Things that happened since I last posted:

1. Ryan and Brandon and Melanie and Davey and Jame introduced me to 3-Man and we played with these round dice that Jamie brought back from Chicago. Holy crap. I love that game and when I had to make up a rule, I totally made everybody express their love for the weiner.














2. I went to the Home Depot with my boyfriend and he spent a lot of time looking at air compressors. I am not a huge fan of the Home Depot because this one time I went with my dad when I was eight and he told me to "Stick your foot right here!" at the garage door opener display. And he shut it on my foot. And I was stuck. Flailing and crying. While he laughed. Very funny, dad. Anyhow, so I was shaking off bad memories and following Ryan around inquiring about every tool we came across. Then, I got bored and tried on every. single. toolbelt. at the Home Depot and asked random customers if they thought it made me look hippy.
3. I am hilarious with the promo. I like to have things explained to me. I think that is just the funniest shit I have ever witnessed since my brother tried to kill my cabbage patch by throwing it in the air and then it vengefully came down and almost broke his nose with its hard, rocklike melon. Ryan decided to explain to me how the dishwasher works and I sincerely almost peed out of my nose. I also have fabulous ideas. Like I wanted to play this game where we catch bugs and the bugs are worth money (fly - 50 cents, roleypoley - 13 cents, etc). Great idea huh. Ryan didn't think so and he didn't want to play so I pouted for a good ten minutes until he distracted me with Wii tennis and then I played like a badass thank you very much.

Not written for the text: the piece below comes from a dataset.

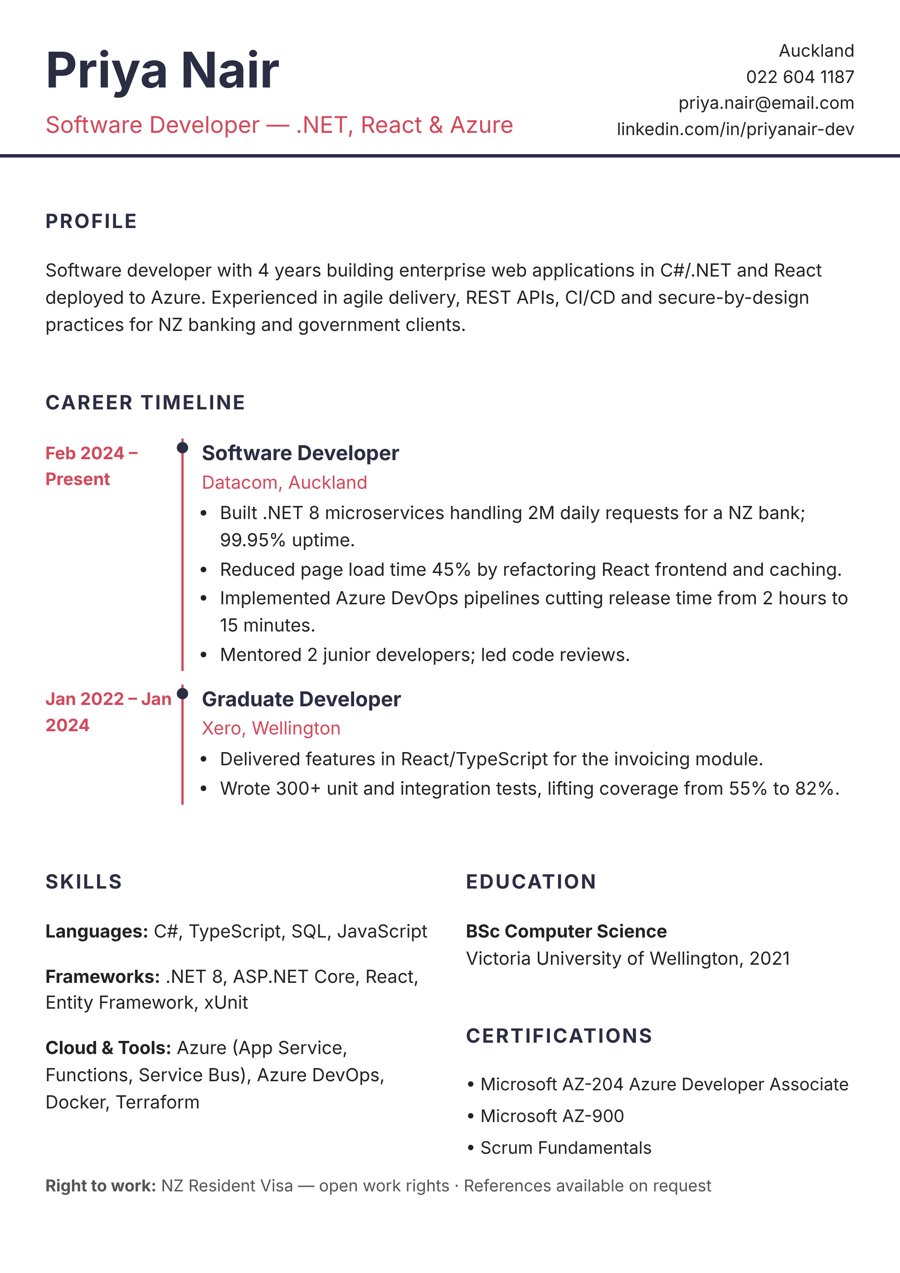 Software Developer – C#/.NET, React & Azure resume sample – New Zealand format, 3–4 years’ experience (Wellington)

4. We went to see the Matisyahu/311 concert at the Woodlands. 8 of us got there in a huge white stretch hummer with a bar and porno lights on the inside (thanks to Hambone). However, we returned with only 6 because 2 arrests were made during the end of the concert and Jamie was all whoa they got arrested? this stuff never happens and Dave was all those police were using excessive force with that girl and I was all sweet we have more room in the limo and then Dave said oh that means more beer for the trip back and then everybody was happy.

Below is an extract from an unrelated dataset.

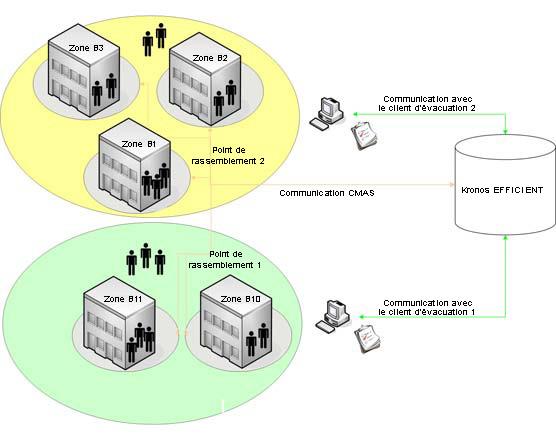 Logiciel de gestion de contrôle d’accès kronos_0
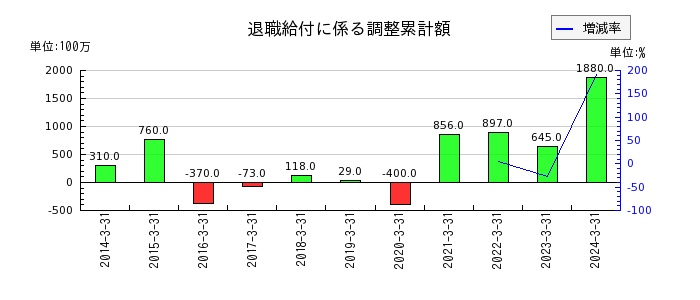 東京計器の退職給付に係る調整累計額の推移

5. I ate some bad food and I got some diarrhea. Bad. Nothing like this has ever happened to me. I think if I thought I had the diarrhea before, I was sadly mistaken. It was horrible. AND! I got it at Ryan's. So last night I woke up at three am (and 4am and 4:30 am, and 5:15 and finally 7:00am) and made a beeline for the bathroom (making sure the door was open this time before I rammed my nose into it again ) and this sweet soft-spoken ass of mine who refuses to poop at his house exploded in a thunderous roar that shaked the house and made the leaves wither and fall from all of Ryan's trees. Miserable. And then, this morning, I promptly threw the sheets into the washing machine. Coulda been mud. But I am not taking any chances. So all day, I have been hunched over and hoping people don't ask me why I am all red and shaking and sweaty.

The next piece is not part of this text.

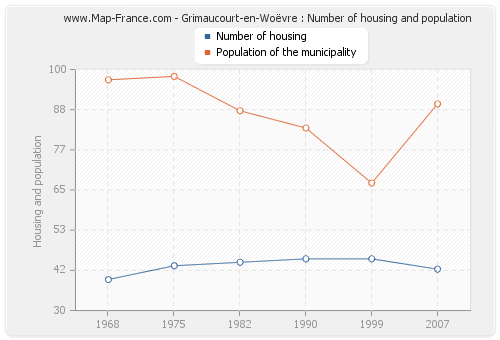 Grimaucourt-en-Woëvre : Number of housing and population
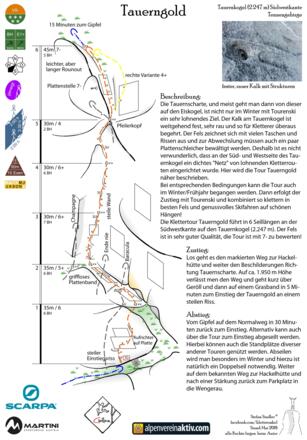 Tauerngold - Topo der Klettertour am Tauernkogel (Tennengebirge)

5. Sucks. I got a flat. I have no spare. Luckily, I have the best boyfriend ever who spent his workday fixing my car. Because he is the bomb. Even if he isn't interested in 13 cent roley polies.

19 Comments:

Blogger blog Portland said...

I don't know where to begin, so I'll simply add that I'm hitting up the same concert in August, and hope to have at least half as much fun as your friends did.

4:05 PM  
Blogger One Step From the Edge said...

Another 311 fan, I knew I was gonna like you. I hope for a great concert in August as well, but if BP gets thrown in jail, he's staying there until the show is over. I paid a lot of money for those tickets.

I'm sorry to hear about the explosion of poo. That sucks! And there is no quietly going about the dirty business either. When you have it, EVERYONE knows you have it.

4:22 PM  
Blogger jules said...

Maybe you blew out the tire when you had your explosion?

3:22 AM  
Blogger Clearlykels said...

You have been busy. I'm sorry that you were sick that is absolutely the worst. Hummer Limo? Damn!

6:03 AM  
Blogger j-me said...

yes i was very excited to be rolling like the rock stars we are in the stretch hum-vee, but then the rock star persona became all too real with the arresting situ and now i just want to go back to being mildly average. how 'bout you?

7:59 AM  
Blogger Ryan said...

If you think there are a lot of tools to check out at Home Depot, you should walk around Circuit City for a while. Twouldst be heaven.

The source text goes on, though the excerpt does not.